I feel a dark cloud looming over my head, the ever present onset of Christmas. Thanksgiving was such a disaster, I would like to ignore Christmas. I don't want to put up my tree. I am feeling the pressure to conform however. I know my young daughter in law is all energetic and put hers up on the day after Thanksgiving and mentioned that she and the little ones could come over and put mine up, but I declined. I love how my family told me that once I got divorced and now live alone that I should just put up some kind of little twig. How insulting that was to me.
No, it does not matter in the grand scheme of things, but it is all going to be in my face the next few weeks via social media and television. No, I won't cut it all off. I do have to buy some gifts for the kids, cannot get around that. My family is a huge disappointment to me for some reason lately. At Thanksgiving my only sister told me a few days before that she wanted nothing to do with me and my children basically, without coming right out and saying it. That put a dark cloud over our whole day, no one said anything but it was hurtful. Plus my daughter in law is so casual that she did not even bother to set the table, we all had mismatched plates and glasses. We only had glasses rather than plastic cups because I mentioned it. It felt like a last minute gathering rather than a special occasion. I could go on and on but the day just stunk to me. I guess my expectations are high, that is not how I would do things. I wonder if the disappointment was obvious in my face? When we sat down to eat, all crammed in at a little table, I had an awful feeling come over me. It was profound. Not sure exactly what to blame for that.
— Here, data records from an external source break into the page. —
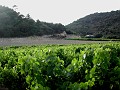 PROPIAC1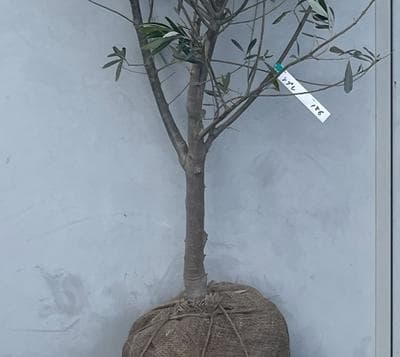 《現品》オリーブの木　シプレシーノ 樹高2.1ｍ（根鉢含まず）186【苗木/庭木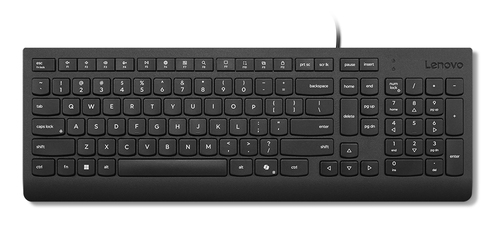 LENOVO Essential Wired Keyboard US Eng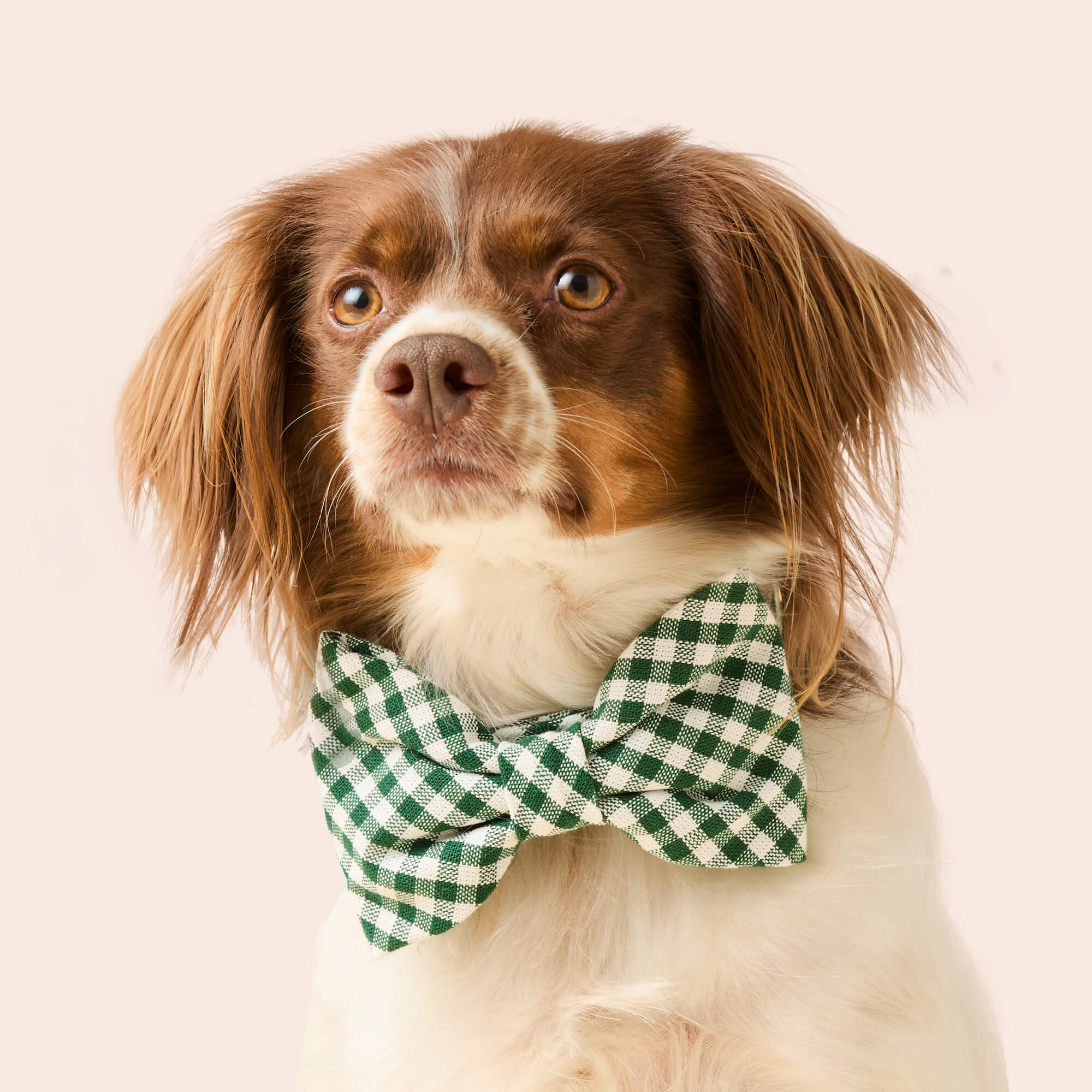 Evergreen Gingham Bow Tie Collar - Image 4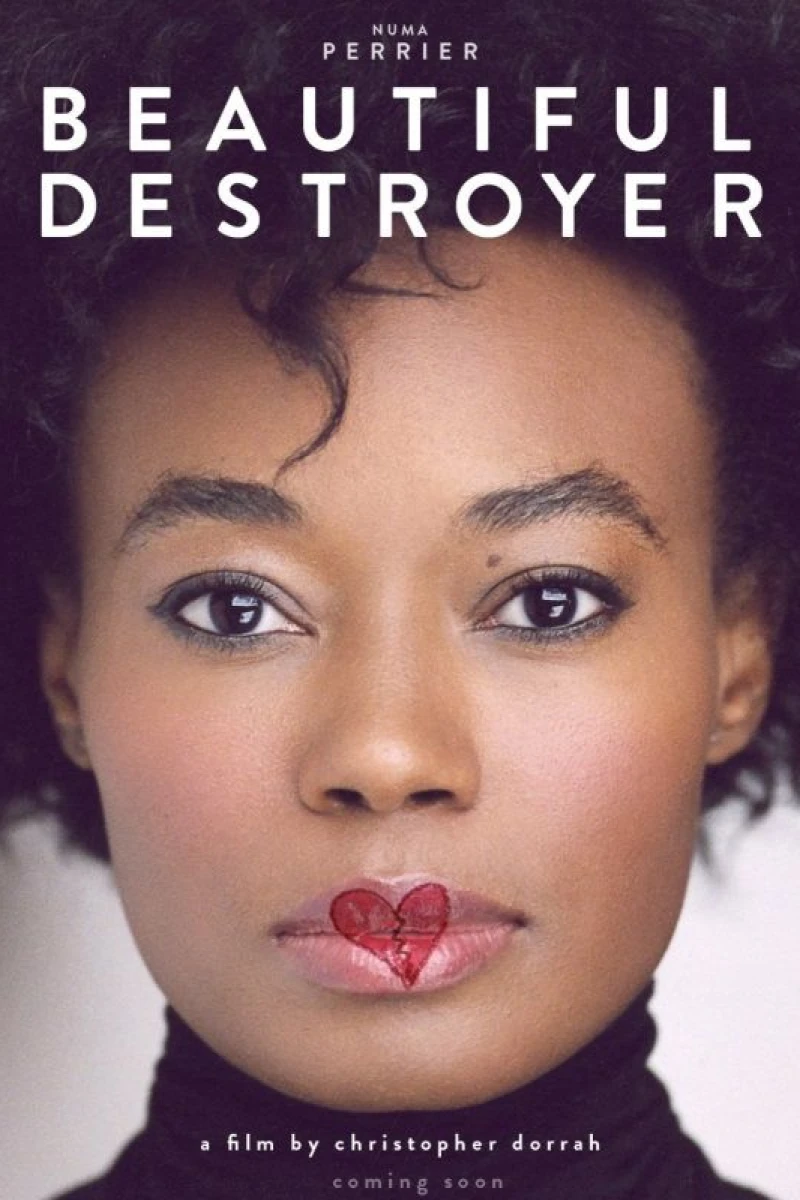 Beautiful Destroyer Poster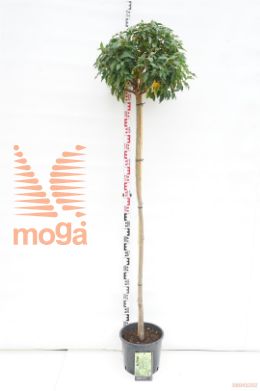 http://twentheplant.nl/tsd/69506_PRULANGU_s150c12_1.jpg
Next time I guess we should just get take out Chinese and sit on the couches watching the parade. I cannot look forward to holidays like that anymore. Why bother? With my attitude right now I don't expect much for Christmas. Now that our family is completely broken up, I guess I just need to take the gifts to the kids, stay a minute and then just retreat back to my cave. I used to go full force into Christmas, put up a nice expensive tree and decorate. Do lots of baking and spend lots of time shopping for gifts. Now I do not have the money for all that. Who says money can't make you happy? It certainly could for a little while. Having none can sure make you miserable. Christmas really should not be all about who has the money to afford it, but it is!